Les Négresses Vertes, which formed in 1987, is a French music group that combines world music  and some aspects of alternative rock. Tracks often feature acoustic guitar and accordion, with some containing other traditional instruments such as piano and brass. The group's style is fairly upbeat and energetic on the majority of its tracks, with unusual rhythms, vocals delivered with a generous dose of zeal and vibrant energy, and accompaniment melodies ranging from lilting and distant to eccentric and fast-paced. These two factors give many of the group's pieces a strong sense of direction.

History
Formed in 1987, Les Négresses Vertes arose from the alternative-music scene in Paris. The original line-up included singer Helno (also known as Helno Rota de Lourcqua, born Noël Rota), Jo Roz (also known as l'Ami Ro; real name Joe Ruffier des Aimes) (piano), Stéfane Mellino (guitar), Jean-Marie Paulus (bass), Gaby (drums), Matthias Canavese (accordion), Michel Ochowiak (trumpet), Abraham Sirinix (also known as Abraham Braham) (trombone), and Iza Mellino (backing vocals).
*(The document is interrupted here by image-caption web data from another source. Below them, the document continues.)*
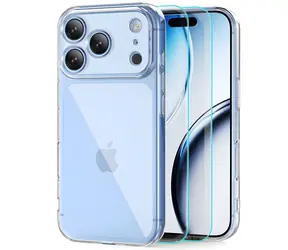 Tech-Protect FlexAir przezroczysty / Etui + szkło hartowane 2 szt. / Apple iPhone 17 Pro, 18 Pro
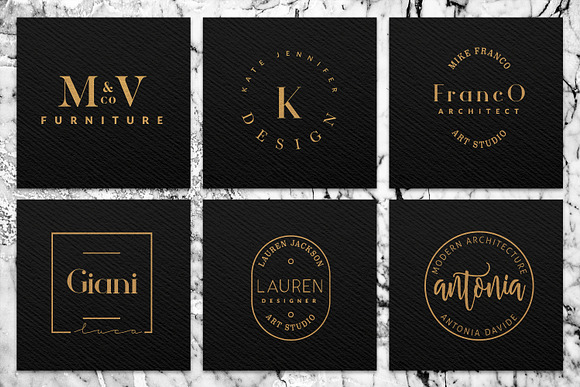 Elegant Logo Pack VOL 1 in Logo Templates - product preview 3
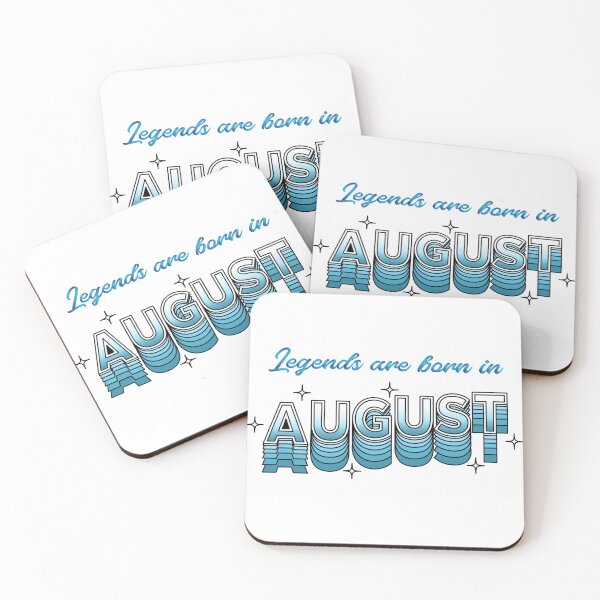 Item preview, Legends are born in August designed and sold by ElenaDanilo.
The original members were a group of friends, many of whom had not played their instruments before forming the band. The group's name translates as green negresses; and  arose from abuse hurled at the members at one of the group's first concerts. The insult is a comparison to the kitsch art of Vladimir Tretchikoff. The group was initially signed to the independent Off the Track label and released the punk protest song "200 Ans D'Hypocrisie" in response to its home country's French Revolution bicentennial celebrations.

In 1989, they released their first album, Mlah, to good reviews in both France and the UK, where the single "Zobi La Mouche" just failed to reach the charts. The group also toured and played the WOMAD festival. The group also made a controversial tour of Lebanon. Their second album, Famille Nombreuse, in 1991, featured new drummer Zé Verbalito.

In 1990, Les Négresses Vertes contributed the song "I love Paris" to the Cole Porter tribute album "Red Hot + Blue", which was produced by the Red Hot Organization.

Helno was by this time struggling with serious heroin addiction, and Stéfane Mellino and Canavese replaced him as the main songwriters. Helno died at his parents' house on 22 January 1993.

Several members left the band after Helno's death, but Les Négresses Vertes continued around the nucleus of Mellino, Canavese, Ochowiak, and Paulus. In 1995, the band released the album Zig-Zague, followed by the live album Green Bus.  By the 2000s Trabendo, the group's style had shifted to a dub-oriented lounge style.

Discography

Albums

 Mlah (1988)
 Famille nombreuse (1991)
 An Aperitif (1994)
 Zig-zague (1994)
 Green Bus (1996), live
 Trabendo (1999)
 Acoustic Clubbing (2001)

Compilations
 10 Remixes (’87–’93) (1993)
 Le Grand Déballage (2002)
 L'essentiel (2004)
 À l’Affiche (2006)

Singles
 Il (1989)
 Zobi La Mouche (1989)
 Voila L’ete (1989)
 "I Love Paris" (1990) (Tribute album "Red Hot + Blue" produced by the Red Hot Organization)
 Face à La Mer (1991)
 Famille Heureuse (1992)
 Hou! Mamma Mia (1992)
 Sous Le soleil de bodega (1992)
 Apres La pluie (1994)
 Mambo Show (1994)
 A Quoi Bon (1995)
 Easy Girls (1999)
 Leila (1999)
 Hasta Llegar (2000) ('Promo' CD - was never released)
 Spank / Abuela (2000)

References

External links
 https://web.archive.org/web/20040325021454/http://www.negressesvertes.com/ 
 http://lnv.esy.es/
 https://web.archive.org/web/20060221055431/http://www.mellino.org/ 
Concert photos by Laurent Orseau (Black Session)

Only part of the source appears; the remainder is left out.